Traditionally, Mexican migrants to the United States have been the most reluctant to seek naturalization. They dreamed of returning to Mexico soon, they feared losing their Mexican nationality and the benefits it theoretically bestowed (land, health care, housing, etc.) and they just didn’t see themselves as U.S. citizens. Mexican authorities, for their part, vehemently discouraged naturalization, above all by constitutionally depriving of his or her nationality any Mexican who chose to obtain citizenship in another country. While this was frequently violated--many Mexicans have both U.S. and Mexican passports--the absence of the principle of dual nationality or the unalienable nature of Mexican nationality deterred Mexicans from becoming “gringos.”

Both of these pillars of Mexican nationalism have begun to change, at least in part as a result of the hostile, anti-immigrant sentiment prevailing today in the United States. The fear of being deported, or of being deprived of legal rights, or of being denied the possibility of family reunification as simple U.S. residents is persuading many Mexicans of the benefits of U.S. citizenship. Whether these fears are all well-founded is less important than the perception of a hostile environment that lends credibility to exaggerations that are the stuff of nightmares.

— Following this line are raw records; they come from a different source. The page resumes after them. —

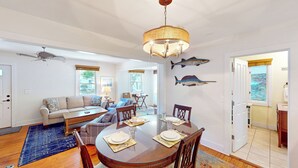 A dining area with a round table set for four, a sofa, and a ceiling fan.
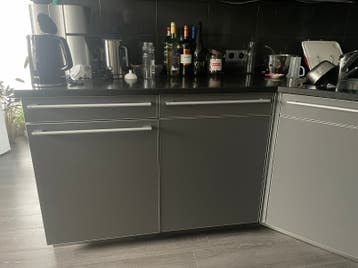 Donkergrijze SieMatic keuken met aluminium en graniet blad.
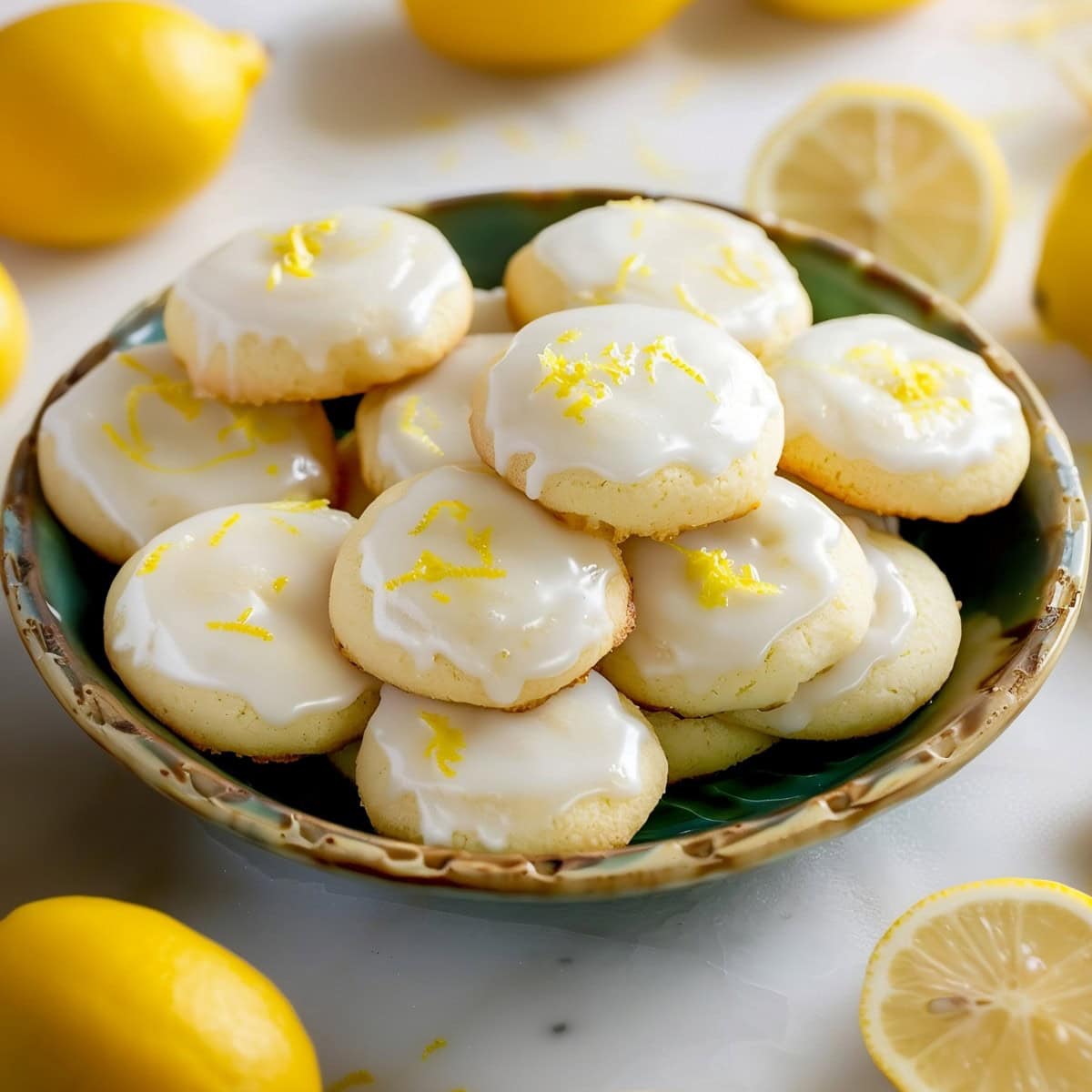 Lemon meltaway cookies in a vintage plate on a white marble table.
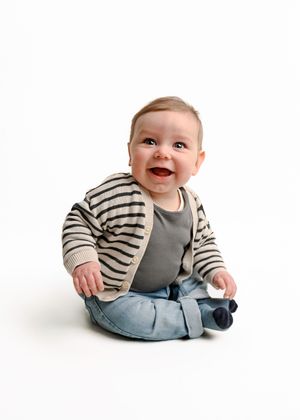 Baby wearing striped sweater and jeans sitting and smiling on white background.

In record numbers, Mexicans are applying for U.S. naturalization. Partly this is a consequence of the Immigration Reform and Control Act of 1986, which offered amnesty for more than 2 million illegal immigrants, many of whom are now eligible to start the citizenship process. Another reason is the belief that a constitutional amendment is imminent that will allow Mexicans to become nationals of another country without losing their original citizenship.

The Mexican government’s motives are not strictly altruistic. There is a related move afoot to revoke the constitutional prohibitions on foreign ownership of land in Mexico. And, with the government’s remarkable penchant for complicating everything and even doing the right things the wrong way, another constitutional amendment would divorce nationality from citizenship: While Mexicans who take on U.S. citizenship would still be Mexican, they would lose their voting rights here. As if those rights were respected anyway, and as if one could imagine streams of traditionally apolitical Mexicans rushing back and forth across the border to vote in elections in both countries.

These millions of Mexicans--and Salvadorans, Nicaraguans and Colombians, and citizens of Caribbean islands, and Guatemalans and Peruvians--might well have waited before taking the plunge into U.S. citizenship, had it not been for 187 and other restrictions recently recommended to a Congress disposed toward xenophobia. And the Mexican government might well have stuck to its traditional stance, archaic and unjust as it was. But, as the United States is about to learn, over-reaction to a real problem can bring about an even bigger one: Soon, the issue Washington will have to face is not how to change the preference system for new immigrants, but rather how to deal with the immediate families of 2 million-plus new U.S. citizens who will all promptly apply for residency. It could decide to adapt the old Mexican policy and refuse U.S. citizenship to anyone intending to maintain dual citizenship in his or her homeland--although this is virtually inconceivable. At the very least, Washington should now reflect on how unwise it is to deal unilaterally with problems that others can also address unilaterally, and given the magnitude of the numbers and of the issue, not always to the neighbor’s advantage.